Having just returned from Boao, where I accompanied Trade Minister Dr
Emerson as his Mandarin Interpreter, the talk centred on China’s
currency and the rise of the BRICS bloc. It was the 10
Boao Forum for Asia (BFA) Forum which has become the “Davos” of our
region. Yet Australia appeared greatly under-represented at this major
meeting of world opinion leaders.
Australia seems to be facing increasing marginalisation, with BRICS
countries now all the rage. President Hu referred to BRICS, as “a new
model of global economic cooperation and an important practice of
multilateralism.” China already has Currency Trade Agreements in place
with ASEAN (now China’s fourth largest trading partner) and even New
Zealand has signed one recently. Brazil, Russia, India, China and South
Africa also signed an agreement to use their own currencies instead of
the US dollar in issuing credit or grants to each other and is the first
of its kind in financial cooperation between the BRICS countries.

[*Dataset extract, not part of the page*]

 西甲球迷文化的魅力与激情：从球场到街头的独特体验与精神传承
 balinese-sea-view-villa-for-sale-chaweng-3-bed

In leaving the USA out in the cold, Russian President Dmitry
Medvedev, summed up the BRICS ideals: “Russia’s future, the
modernisation of our Siberia and the Far East are inseparably connected
with the Asia-Pacific region,” the Russian president told the Forum.
Analysts say the BRICS grouping of the world’s major emerging economies
seeks to promote itself as a counterweight to established Western powers
and raise the global influence of developing nations.
President Hu in his keynote address reminded us that over the past
decade, China imported US$687 billion of goods on average every year,
creating over 14 million jobs in related countries and regions. This
showed that the better China developed, the greater the contribution it
would make to the world.
Meanwhile Australia may struggle for a seat at the table – FTA talks
have stalled, and PM Gillard on her East Asian tour has left China till
last and lavished praise on Japan and Korea. As John Garnaut reminds us
in today’s Age – last year Australia exported $58 billion in goods and
services (up 37% on the previous year) to China compared to $20.4
billion to Korea and $55 billion to Japan. He concludes that “The PM may
have got off on the wrong foot”. We’ll be watching with great interest.